#### Task
Images are to be left out; everything else in the listing should be repeated exactly.

#### Data section

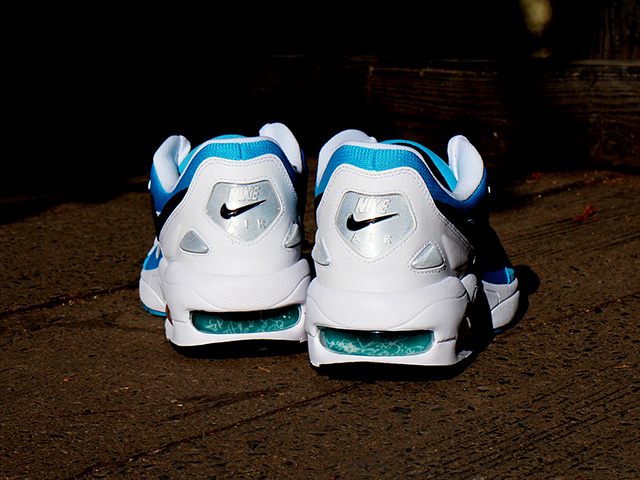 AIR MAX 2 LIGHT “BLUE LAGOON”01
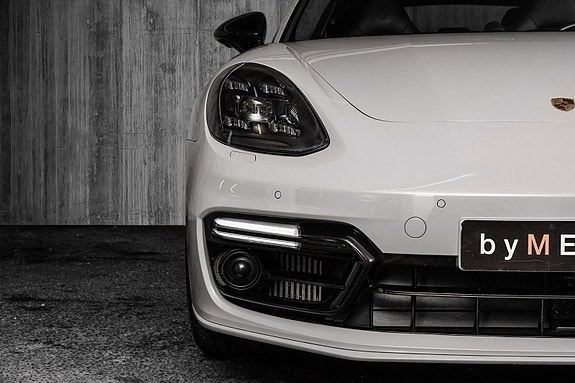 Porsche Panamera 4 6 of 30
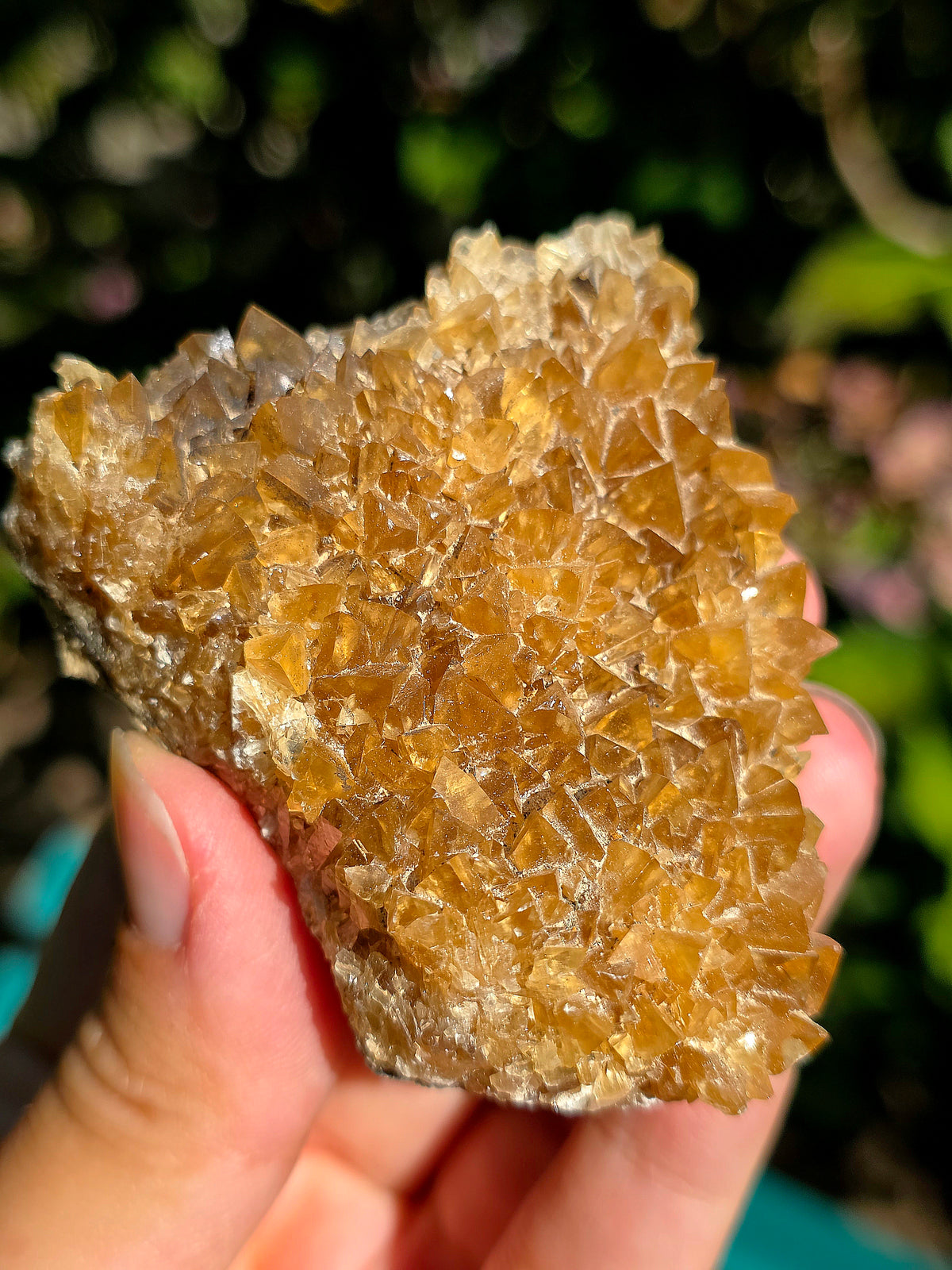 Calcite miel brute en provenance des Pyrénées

#### Written answer
 AIR MAX 2 LIGHT “BLUE LAGOON”01
 Porsche Panamera 4 6 of 30
 Calcite miel brute en provenance des Pyrénées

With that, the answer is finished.